* _Brief_: All of the data should be given again word for word, though the images are to be left out.

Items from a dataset

--

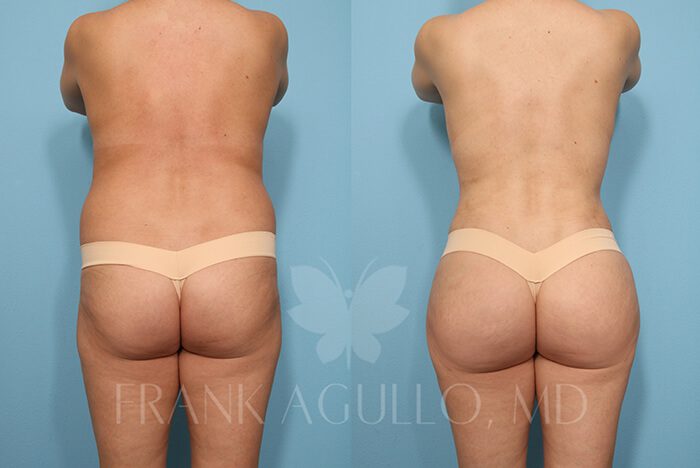 Brazilian Butt Lift Before and After 13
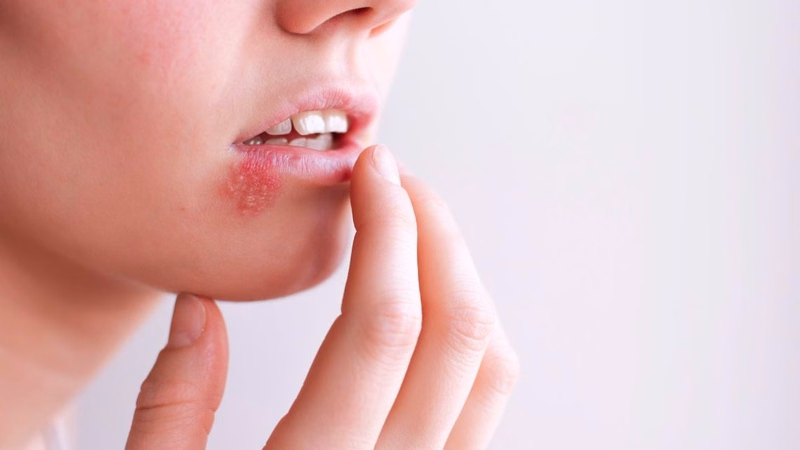 Hình ảnh minh họa tổn thương mụn nước nhỏ mọc thành cụm ở môi do virus Herpes simplex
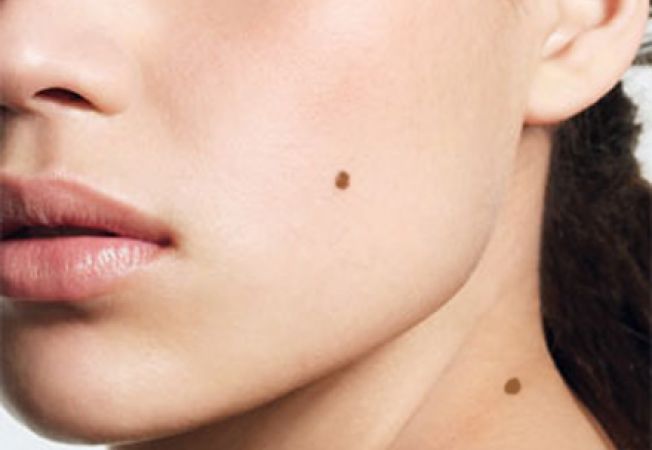 VIDEO Alunitele – principala cauza a cancerului de piele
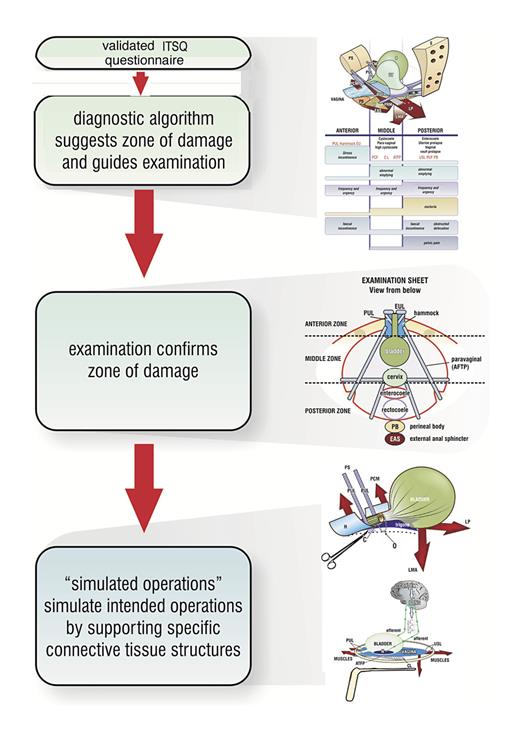 Fig. 2. Integral theory system diagnostic pathway-specific symptoms in the ITSQ questionnaire [8] indicate which ligaments/fascias may be damaged. The symptoms are transferred to the diagnostic algorithm; the diagnosis from the algorithm is checked by vaginal examination [6] to confirm specific ligament laxity; the causative ligaments are then checked by “simulated operations,” i.e., mechanical support of pubourethral and uterosacral ligaments to observe change in symptoms.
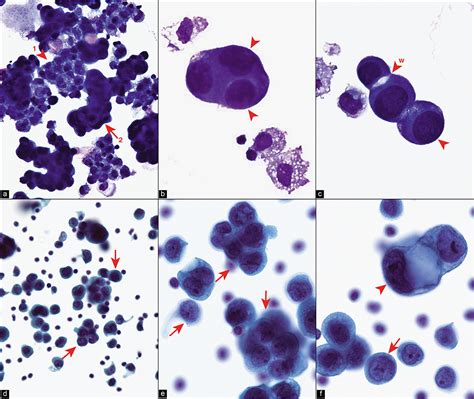 Malignant Cells In Pleural Fluid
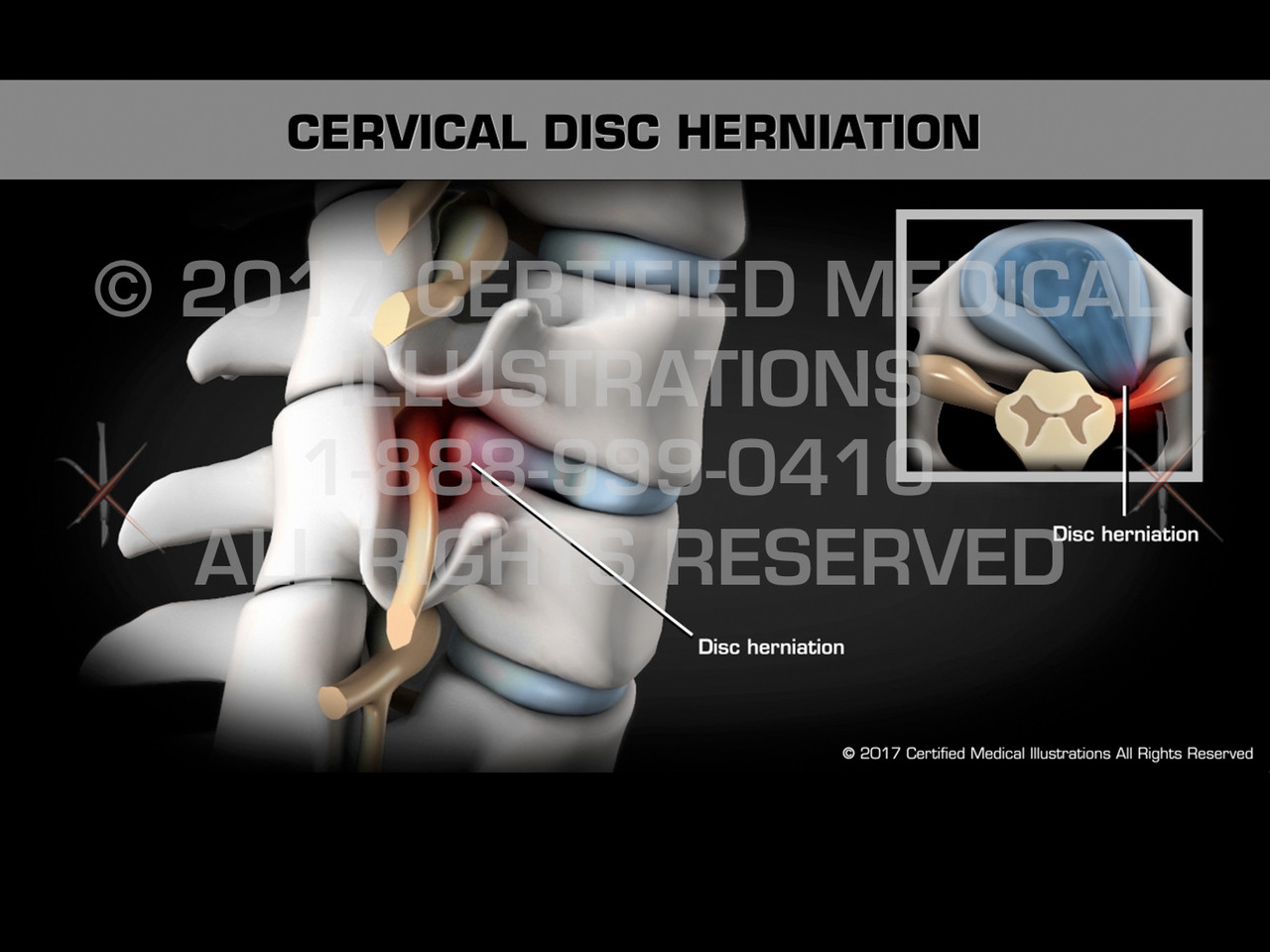 Cervical Disc Herniation Medical Animation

--

* _Exercise result_:
 Brazilian Butt Lift Before and After 13
 Hình ảnh minh họa tổn thương mụn nước nhỏ mọc thành cụm ở môi do virus Herpes simplex
 VIDEO Alunitele – principala cauza a cancerului de piele
 Fig. 2. Integral theory system diagnostic pathway-specific symptoms in the ITSQ questionnaire [8] indicate which ligaments/fascias may be damaged. The symptoms are transferred to the diagnostic algorithm; the diagnosis from the algorithm is checked by vaginal examination [6] to confirm specific ligament laxity; the causative ligaments are then checked by “simulated operations,” i.e., mechanical support of pubourethral and uterosacral ligaments to observe change in symptoms.
 Malignant Cells In Pleural Fluid
 Cervical Disc Herniation Medical Animation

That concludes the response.